Exercise description:
Leave out the pictures and reproduce all of the data exactly.

Data block:
↓↓↓
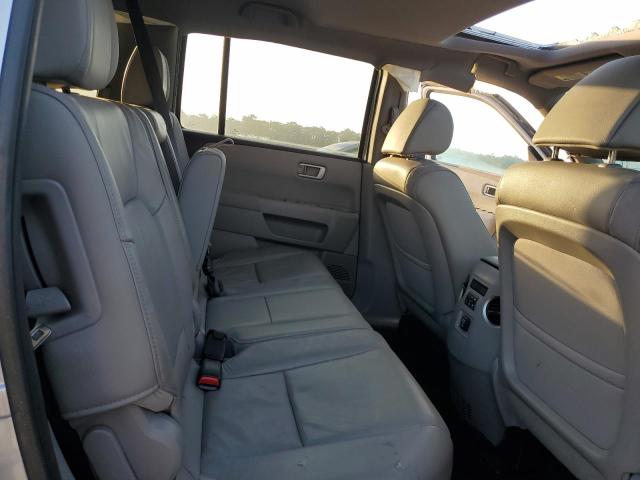 Photo 11 from auction – 2014 HONDA PILOT EXLN with VIN 5FNYF3H77EB023448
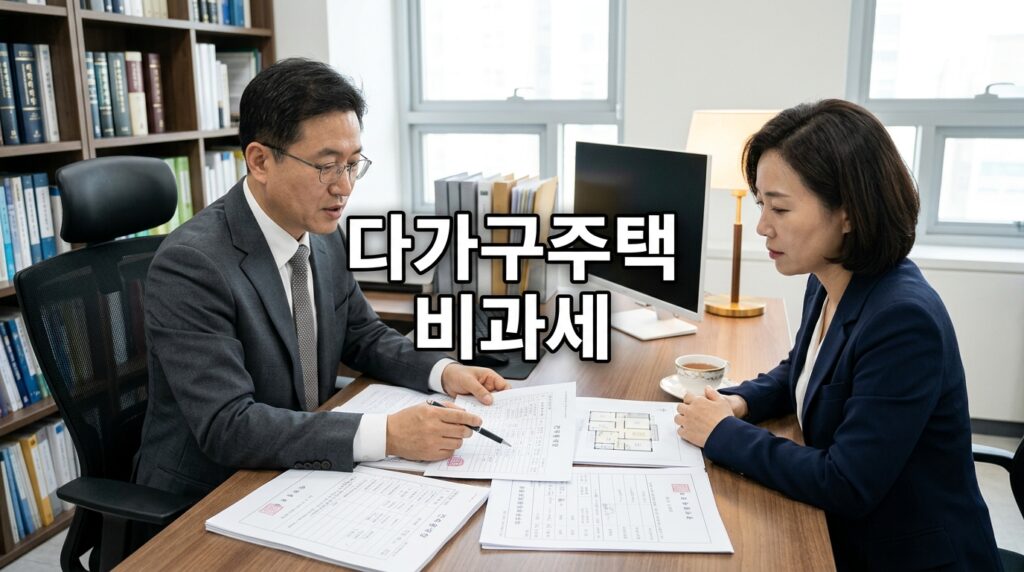 다가구주택 비과세: 통째로 팔면 1주택, 호수별로 팔면 다주택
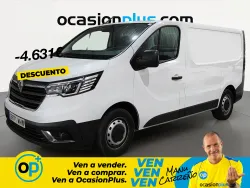 RENAULT Trafic Furgón L2H1 BluedCi 96kW CU aumentada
↑↑↑
Solution for this problem:
 Photo 11 from auction – 2014 HONDA PILOT EXLN with VIN 5FNYF3H77EB023448
 다가구주택 비과세: 통째로 팔면 1주택, 호수별로 팔면 다주택
 RENAULT Trafic Furgón L2H1 BluedCi 96kW CU aumentada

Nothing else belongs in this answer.